Being a good bottom is like having someone very important over for dinner. You want to cook them whatever they like. Everything must be perfect, not just to please them, but to please you, too.
Being a good bottom isn’t just about lazily “taking it.” It’s about getting what you want while giving your Top what he or she wants. Bottoming involves playful manipulation of your better half, getting pleasure from relinquishing control and, most importantly, mutual satisfaction.
If you haven’t realized this already, I’m not talking about that cushy thing you sit on. I’m talking about “bottoming” in a sexual or BDSM (bondage/dominance/sadism/masochism) scenario. That is, being the submissive counterpart to your dominant partner (oyour “Top”—always with a capital “T” to illustrate their relative position to your lowercase “b”). Though we’ve previously discussed the basics of BDSM and the Top/bottom dynamic in “The Ties That Bind” (October 28, 2010), there’s more to bottoming than getting spanked.

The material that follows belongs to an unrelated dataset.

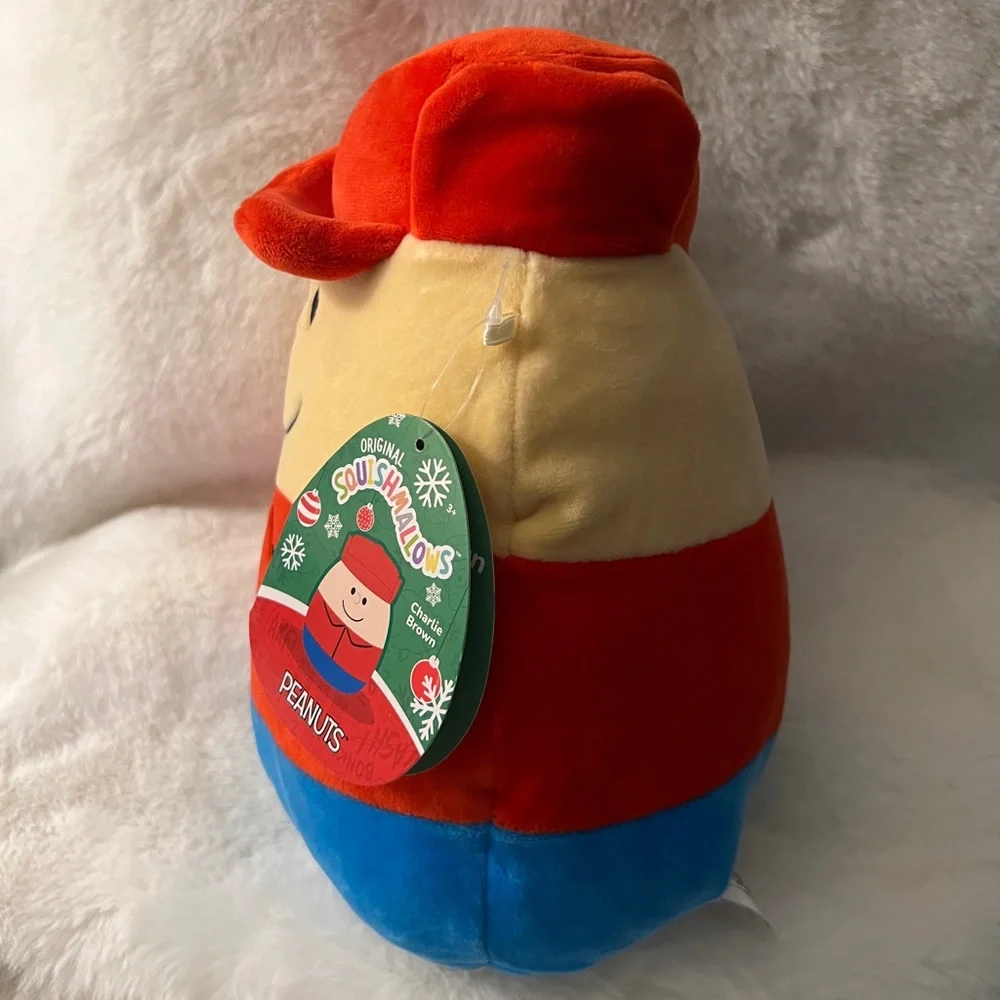 NWT Charlie Brown Peanuts Christmas 2022 Squishmallow Collectible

Bottoming doesn’t always occur in an official BDSM scene, though BDSM is where a specific bottoming identity becomes important. Bottoms take many forms—the person who receives a flogging by his or her Master, the person who enjoys being roughed up in bed, or the one who subtly demands to be sexually pampered. Many people ask about bottoms —what’s in it for them? Isn’t bottoming degrading? Anti-feminist? Painful?
Bottoming clearly separates itself from the sexual acceptance of abuse because all degradation, physical sensations and role-playing are consensual. Limits are discussed with the Top before beginning a “scene” and are continually adjusted throughout play for bottom’s comfort. A single safe-word stops everything.

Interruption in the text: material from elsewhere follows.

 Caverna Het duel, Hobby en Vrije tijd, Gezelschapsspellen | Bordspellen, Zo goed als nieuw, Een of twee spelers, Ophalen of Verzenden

Bottoms generally feel empowered by pushing their physical and emotional boundaries, playing certain roles different than those in their everyday lives, or deriving pleasure from giving themselves to their Tops. In BDSM scenes, many bottoms report slipping into “bottom space” or “sub space,” an altered consciousness reached during bottoming in which their relationships to themselves, their fantasies or their partners become different from what they are on a regular basis. People can often become dramatized versions of their everyday selves or express themselves in opposing ways when in bottom space: when tied in bondage rope, a bossy woman may become non-verbal. When being spanked, a shy guy may become a terrible brat. Other people describe spiritual experiences, hyperactivity or just feeling plain stoned.
But bottoms have work to do, too. Before starting a scene, have serious talks about your boundaries, wishes and safe-words and establish aftercare and emergency plans. Be honest about your limits and only take on what you can actually handle, remaining open to the fact that these lines can blur and change mid-scene.
For example, many bottoms experience a rapid onset of panic when in bondage. As a bottom, it is your responsibility to signal this to your Top ASAP and, in turn, it’s your Top’s responsibility to be prepared to get you out of there and also know exactly how to take care of you afterwards. Whips and chains are great fun but aftercare is an important aspect of BDSM, especially for a bottom. Do you want to be snuggled, bathed or just left alone in a quiet place?
Carefully select your Tops, especially with more advanced BDSM work. An inexperienced Top wielding a flogger can do serious damage. It’s crucial to your safety and fun that you trust your Top with your body and mind—this person’s about to get you into some vulnerable positions, whether that be tying you up, slapping you around or coaxing you into a submissive role.
There’s no single right way to Top or bottom. Do you want a Top who’s bossy, verbal, physical, grouchy, sassy, leather-clad or femmey? What kind of activities and repercussions do you want? Do you want bruises to show off or do you have a business meeting tomorrow? Do you want to be tied up, spanked (with what?) or just made to perform…services?
The New Bottoming Book will tell you exactly how to get that handprint across the cheek precisely where, when and how you want it. Now, bottoms up!